Hailsham residents fight back against ‘catastrophic’ plans for 300 new houses
A group of Hailsham residents has handed in a petition against plans for a new housing development.
The development includes associated public spaces, play areas, internal roads and parking, with access provided from Marshfoot Lane.
Hundreds of letters from residents objecting to the plans have been received by the council, and now a second petition has been handed in by residents from Marshfoot Lane who object to the plans.
The campaign group of residents said they feel like they’ve been ‘ignored at every single stage of this undemocratic process’.
Lynda Sparkes, the spokesperson for the group said, “We, as Marshfoot Lane residents, have fought this issue for the past four years. To say that we feel our voices and views have not been heard by Wealden Planning Committee South or consultees is an understatement.
“The issues are wide and the implications will affect everyone in Hailsham. This development will impact Hailsham’s landscape, residents, infrastructure and traffic congestion for eternity.
“The impact of this development will ricochet throughout Hailsham and its environs as well as directly affect the lives of residents in and around Marshfoot Lane for in perpetuity.
“It is and will remain a contentious plan that will impact the entirety of Hailsham in every aspect: residents, schools, parking, businesses, congestion.”
The first petition submitted said, “The proposal to build and develop the land can only have catastrophic effects.”
Problems raised around the plans include the increase in traffic, noise and light pollution, sewage and flooding issues. The site is close to Pevensey Levels too, a wetland site of special scientific interest, so there are worries around the environmental impact on wilflife and nature too.
In relation to this, the petition said, “Apart from the detrimental impact on landscape and locality, there would be destruction of traditional field patters, environmental damage to ecosystems and food webs.
“A housing development would be out of context.
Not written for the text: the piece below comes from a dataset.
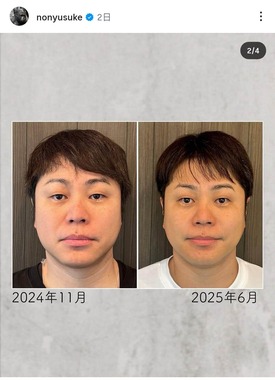 井上裕介さんのインスタグラム（＠nonyusuke）より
There would be urbanisation and the particular charm and beauty of arable pastures would be lost.”
According to the documents submitted, the plans had various ecological surveys carried out to ensure that protected species and local wildlife have been considered within the development and emission mitigation assessments have taken place too.
Flooding is a concern of campaigners. The petition says the development would be built on a Flood Zone 1 and the proposed fields are already ‘directly affect by flooding’ according to residents.
The petition said, “Flood Zone 2 is looming. As forecast, in 19 years’ time this situation will only worsen.”
In response to this, the planning documents submitted to Wealden District Council say ‘the underlying geology is not suitable for infiltration sustainable drainage systems, but the onsite watercourses will provide a suitable outfall for the surface water from the development’.
Plans say, “Given the prevailing ground conditions, infiltration is not a viable option. Therefore, the surface water runoff generated by the development will outfall into the watercourses that bisect or run adjacent to the site. The entire onsite surface water drainage networks, will discharge to their respective outfalls via gravity.”
Access to the site through Marshfoot Lane is a recurring worry raised in letters from residents too.
The petition says the access would be via ‘a small, narrow rural, dead end lane with no turning points’ which already has a number of sites along it including two schools, a residential home, a cattery and a football ground.
On the subject of access, the planning documents say, “Development site access will divert Marshfoot Lane into the site with the existing lane forming a priority junction within the vicinity of the cattery.”
A travel plan has also been submitted by the developers to try and reduce the number of private cars coming in and out of the site with the hope of producing a sustainable development with ‘safe and suitable access’. Traffic flow will also be monitored, according to the plans.
The spokesperson for the campaign group said, “Already it is a health and safety issue with parking, reducing it to single lane traffic impairing visibility and making it hard to navigate. Speeding traffic adds to the dangers. To add 300 houses and the associated traffic to this then only chaos and congestion will ensue.”
Resident are continuing to fight against the plans.
Penny Galitzine said, “The south of Wealden has seen an astronomical increase in huge housing developments over the last 15 years and as residents of this area it is time to call a halt.”
Marian Cryer said, “The area cannot cope with anymore new buildings. The roads were not designed to cope with so much traffic. The environment will be effected by flooding and pollution. This application for 300 new home is a mistake and should be stopped now.”
The plans are a ‘hideous overdevelopment’, according to Margaret and Charles Harding.
Roger and Joy Poppy said, “This development in Marshfoot Lane will undoubtedly have dire consequences for the Pevensey Levels and Hailsham in general because of the increased congestion.”
Speaking after handing in the petition on June 22, the spokesperson for the campaign group said, “This Petition touches the surface of residents of Hailsham’s depth of feelings towards this inappropriate plan. Will Hailsham residents’ voices be heard?”